La connaissance tâtonne, mais ne rencontre pas le visage de la Sagesse.
La vraie connaissance ne s’obtient pas par la pensée. Elle est ce que vous êtes ; elle est ce que vous devenez.
L’être psychique et l’être mental, le Manomaya Purusha, ne sont pas la même chose. L’être psychique se tient derrière l’esprit ; c’est ce que les Occidentaux appellent l’âme. Il s’intéresse aux mouvements du mental et du vital seulement lorsqu’il y a harmonie entre ces mouvements et la vérité qui se tient au-dessus. La connaissance de l’être psychique est plus profonde.

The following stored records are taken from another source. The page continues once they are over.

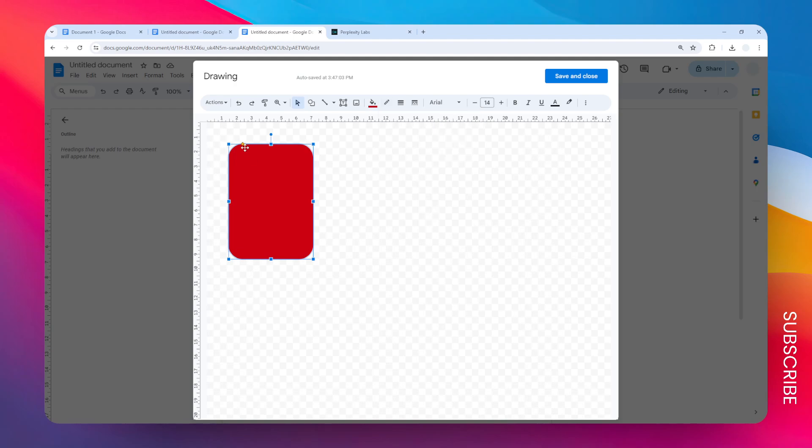You might notice there is this tiny dot. It is an anchor point that allows us to change the rounded level of this shape, but only certain shapes have that feature and you can just ignore it. We have this basic flashcard. The next thing we need to do is put the content area on top of this flashcard.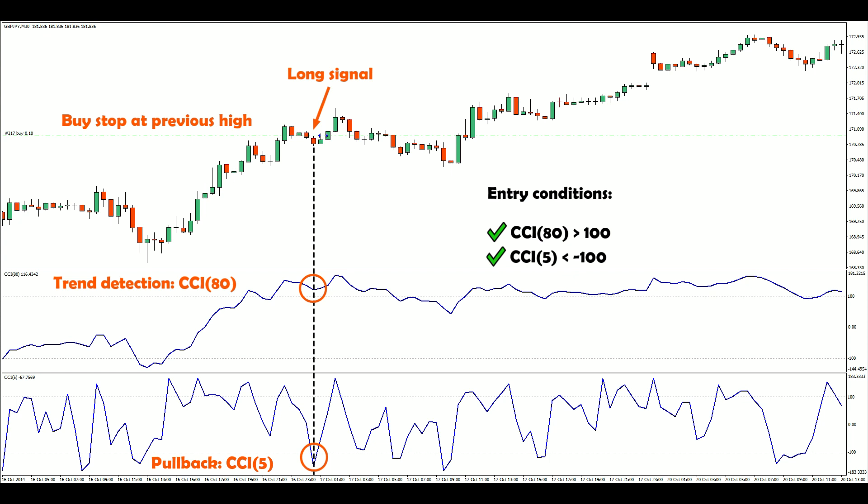Entry conditions will be symmetrical on the short side because it's very difficult to predict market bias. For trade management, I'll use a 200-pip stop-loss and trailing stop. Most successful trend strategies do not use much management — they simply let the trend run until it reverses.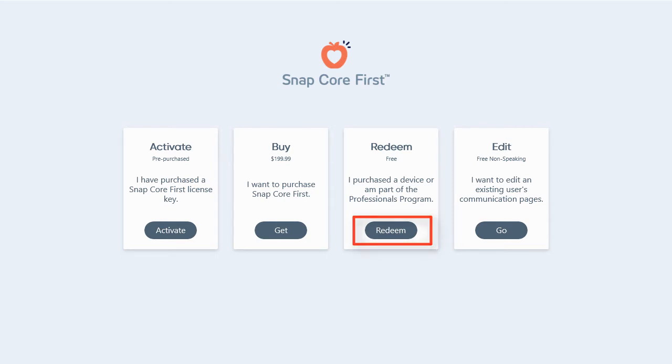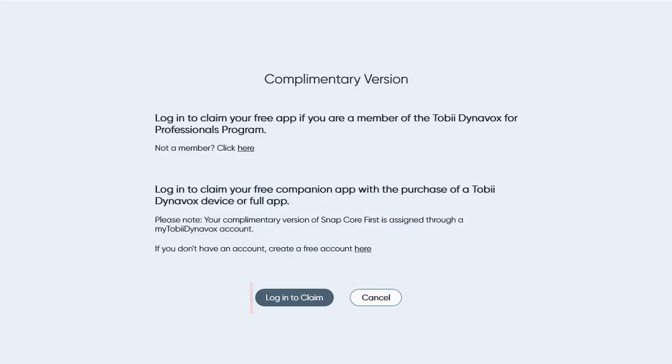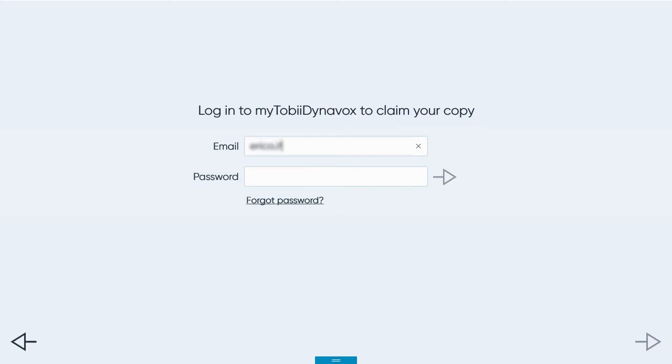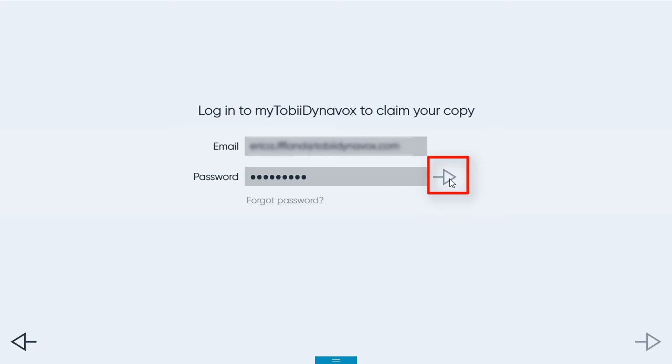Select Redeem. Select Login to Claim. Then input your MyTobiDynavox email and password. Then select the arrow to complete the remaining steps of the Setup Wizard.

Le langage même des Védas est sruti : un rythme non composé par l’intellect, mais entendu — une Parole divine qui vibre, venant de l’Infini, vers l’auditoire intérieur de l’homme qui s’est auparavant rendu apte à la connaissance impersonnelle.
L’amour est la tonalité, la Joie est la musique, la Connaissance est l’interprète, le Tout Infini est le compositeur et l’auditoire.
Non seulement une connaissance plus vraie, mais aussi une puissance plus grande vient dans la quiétude et le silence d’un esprit qui, au lieu de bouillonner à la surface, peut descendre en ses propres profondeurs et écouter.
L’enjeu le plus vital de notre époque est de savoir si le progrès futur de l’humanité sera gouverné par l’esprit économique moderne et matérialiste de l’Occident, ou par un pragmatisme plus noble, guidé, élevé et éclairé par la culture spirituelle et la connaissance.
Les voyants de l’Inde ancienne, dans leurs expériences et leurs efforts de formation spirituelle, ainsi que dans la conquête du corps, ont perfectionné une découverte qui, par son importance pour l’avenir du savoir humain, éclipsait même les divinations de Newton et de Galilée. Même la découverte de la méthode inductive et expérimentale en science n’était pas plus décisive.
Tard, j’ai appris que lorsque la Raison meurt, alors la Sagesse naît ; avant cela, je n’avais que la connaissance.